Friday, October 19, 2007

The brilliant yet sad concept of 'satisficing'


One highlight of Steve Krug's book on web design is the concept that consumers often make irrational or suboptimal choices. This happens across all channels -- from onsite retail to online web to kitchen-counter catalogs. The idea is based on 15 years of research by Gary Klein, who assessed pilots, fire fighters, and chess masters in how they make important decisions under pressure. The common thread in human decision-making is that we often don't make any comparisons at all -- we take the first choice that seems reasonable without waiting to weigh other options.

There's a term in economics for this called transaction utility, or the mental juice we get out of the purchase or decision transaction. Think about the last time you bought a leather coat. Man, that felt good swiping the card in the store. The true utility value of coat is actually much less to you, since you probably leave it hanging in your closet and wear it, say, once a month. But at the point of decision, you jumped.

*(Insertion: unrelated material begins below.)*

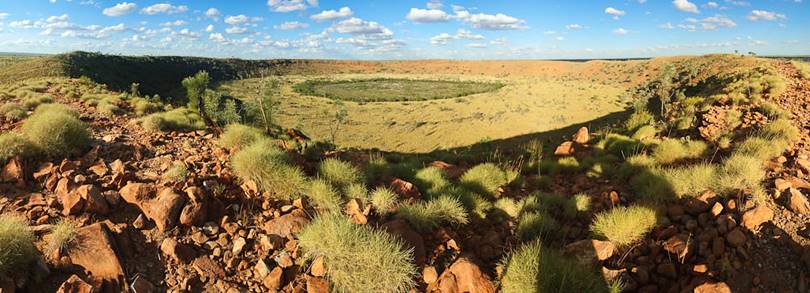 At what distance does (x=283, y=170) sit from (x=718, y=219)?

The lesson for marketers designing communications, especially web sites, is that people are usually in a hurry -- and they don't face much of a penalty for choosing wrong. Their decision is not perfect, but it is enough to satisfice. So at your web site, they'll click on the first link that seems to answer their question. Make that link bigger and more intuitive, and you'll increase the odds they'll click. But don't get too clever -- if you give the user too many paths and choices, they are not going to evaluate them all.

It makes sense, if you think about it coldly. Many people have jobs that they don't love, lifestyles they didn't dream of, friends or marriages or hobbies that kind of satisfy but don't rock their world. Maybe it's human nature to settle. Web designers and product marketers should carefully map out the moment of truth, the touchpoint when consumers make the yes-no decision. Think about whether your "choice" is presented as a simple solution to meet -- mostly -- the consumer need. The simpler you make the choice, the more likely the consumer is to satisfice herself with you.